Às 10h37, a taxa do DI para janeiro de 2028 situava-se em 13,895%, superando o ajuste de 13,857% registrado na sessão anterior. Na ponta longa, o contrato para janeiro de 2035 avançava para 14,535%, frente aos 14,519% do fechamento prévio, sinalizando a cautela dos investidores diante de riscos geopolíticos e fiscais.
Impacto das sanções dos EUA e tensões geopolíticas
A atenção do mercado está voltada para o anúncio do secretário do Tesouro dos EUA, Scott Bessent, previsto para as 14h desta segunda-feira. A expectativa é que o governo do presidente Donald Trump detalhe medidas para ampliar o escopo das sanções secundárias contra entidades e nações que mantêm laços comerciais com o Irã.
Essa estratégia visa elevar a pressão econômica sobre Teerã, gerando reflexos diretos na percepção de risco global. A possibilidade de um endurecimento nas relações comerciais internacionais costuma elevar a aversão ao risco, o que se traduz em prêmios maiores na curva de juros de países emergentes, como o Brasil.
Cenário eleitoral e disputa nas pesquisas
No âmbito doméstico, o mercado monitora de perto as movimentações políticas. Um levantamento BTG/Nexus divulgado nesta segunda-feira aponta um cenário de empate técnico entre o presidente Luiz Inácio Lula da Silva e o senador Flávio Bolsonaro, com 46% e 45% das intenções de voto, respectivamente, considerando uma margem de erro de 2 pontos percentuais.
O dado reforça o clima de incerteza observado em pesquisas recentes. Na última sexta-feira, o levantamento Datafolha já indicava uma proximidade entre os dois nomes, com Lula registrando 47% contra 43% de Flávio Bolsonaro.

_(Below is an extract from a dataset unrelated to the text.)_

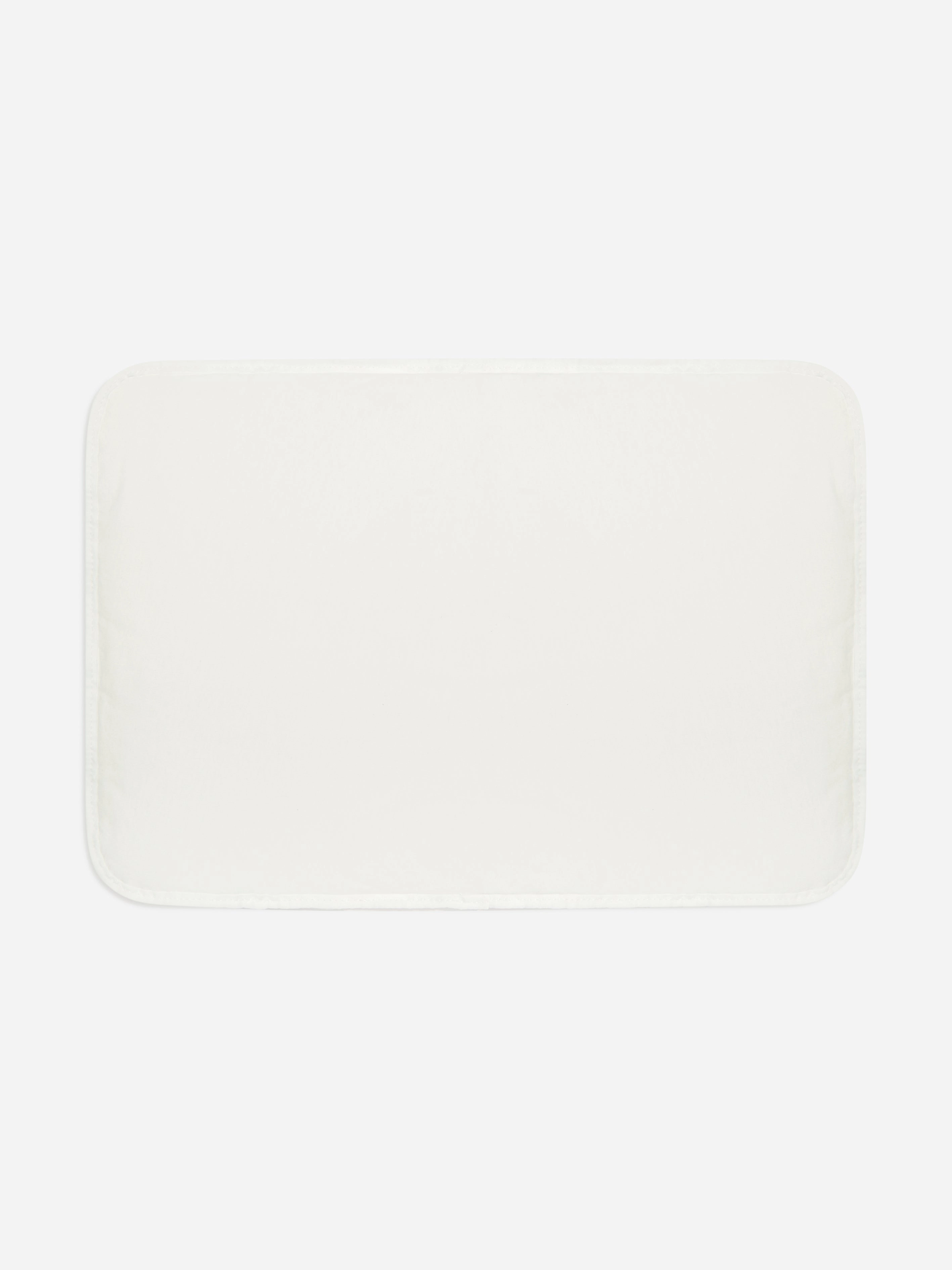 Versace Baby Barocco Logo Changing Bag in Beige (40cm)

A polarização eleitoral continua sendo um fator de monitoramento constante para os agentes financeiros que buscam previsibilidade para o futuro da política econômica.

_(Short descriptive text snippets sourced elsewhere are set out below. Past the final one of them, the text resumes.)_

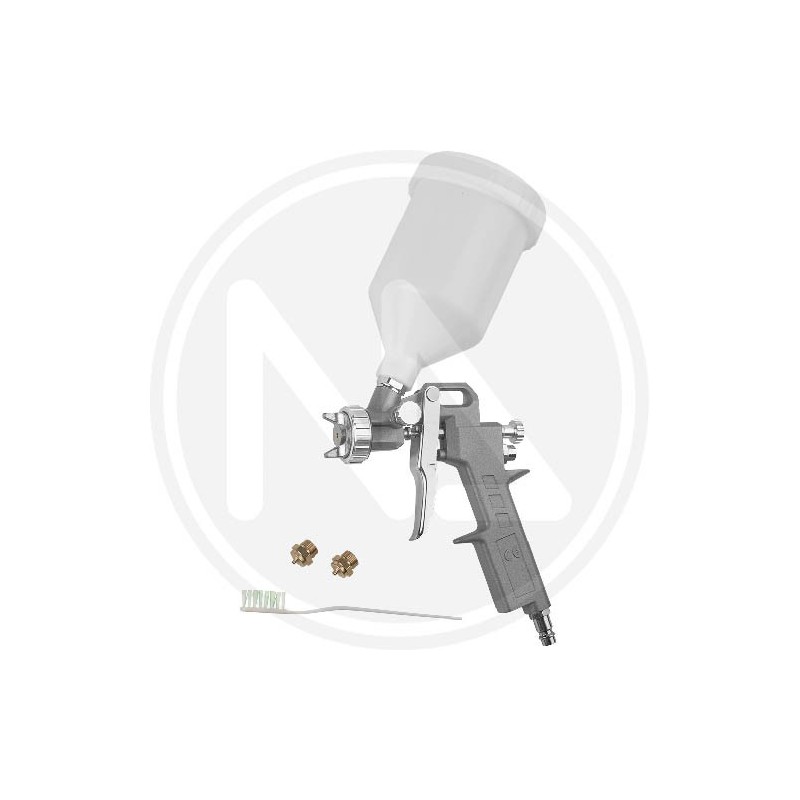 AIRBRUSH TANK upper 0,6 LT maurer AIRBRUSH TANK upper 0,6 LT maurer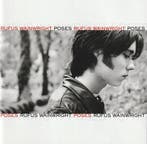 CD  Rufus Wainwright - Poses, Ophalen of Verzenden, Gebruikt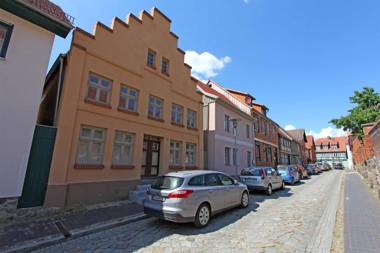 Luxus Ferienhaus Plau SEE 10701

Projeções macroeconômicas e o boletim Focus
Além da geopolítica e da política interna, a curva de juros também reage aos indicadores macroeconômicos. A pesquisa Focus, divulgada pelo Banco Central, trouxe ajustes importantes nas expectativas de crescimento e inflação. A estimativa para o PIB de 2026 recuou de 1,98% para 1,95%, enquanto a projeção para 2027 manteve-se em 1,50%.
No campo inflacionário, a expectativa para o IPCA deste ano permaneceu em 5,02%. Para 2028, a projeção inflacionária seguiu estável em 3,80%. Tais números são fundamentais para a precificação dos ativos de renda fixa, uma vez que a trajetória dos juros futuros depende diretamente da convergência da inflação para as metas estabelecidas.